» WORK TASK: The output must consist only of the lines from the one with "รูปป้าย 3ขจ 1930 ที่ตัดจากรูปของผู้แจ้ง" through the end of the listing, restated exactly and free of pictures.

Segment Start: MATERIAL PROVIDED

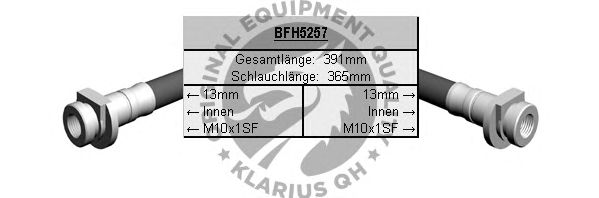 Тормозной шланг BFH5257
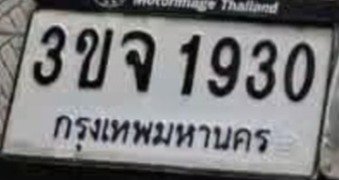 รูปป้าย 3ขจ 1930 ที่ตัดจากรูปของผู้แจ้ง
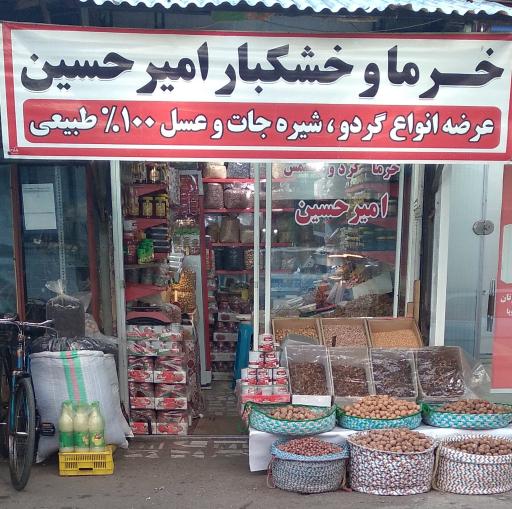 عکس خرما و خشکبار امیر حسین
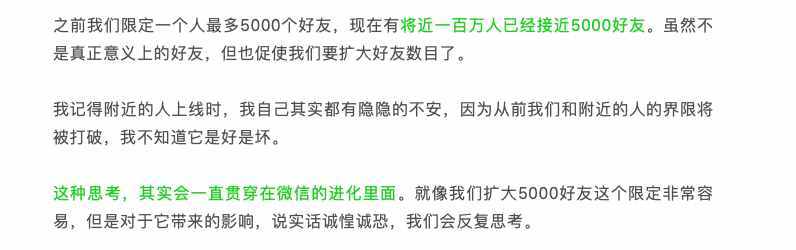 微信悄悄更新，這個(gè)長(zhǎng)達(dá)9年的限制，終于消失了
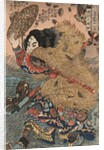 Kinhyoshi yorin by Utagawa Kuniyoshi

Segment End: MATERIAL PROVIDED

» COMPLETED EXERCISE:
 รูปป้าย 3ขจ 1930 ที่ตัดจากรูปของผู้แจ้ง
 عکس خرما و خشکبار امیر حسین
 微信悄悄更新，這個(gè)長(zhǎng)達(dá)9年的限制，終于消失了
 Kinhyoshi yorin by Utagawa Kuniyoshi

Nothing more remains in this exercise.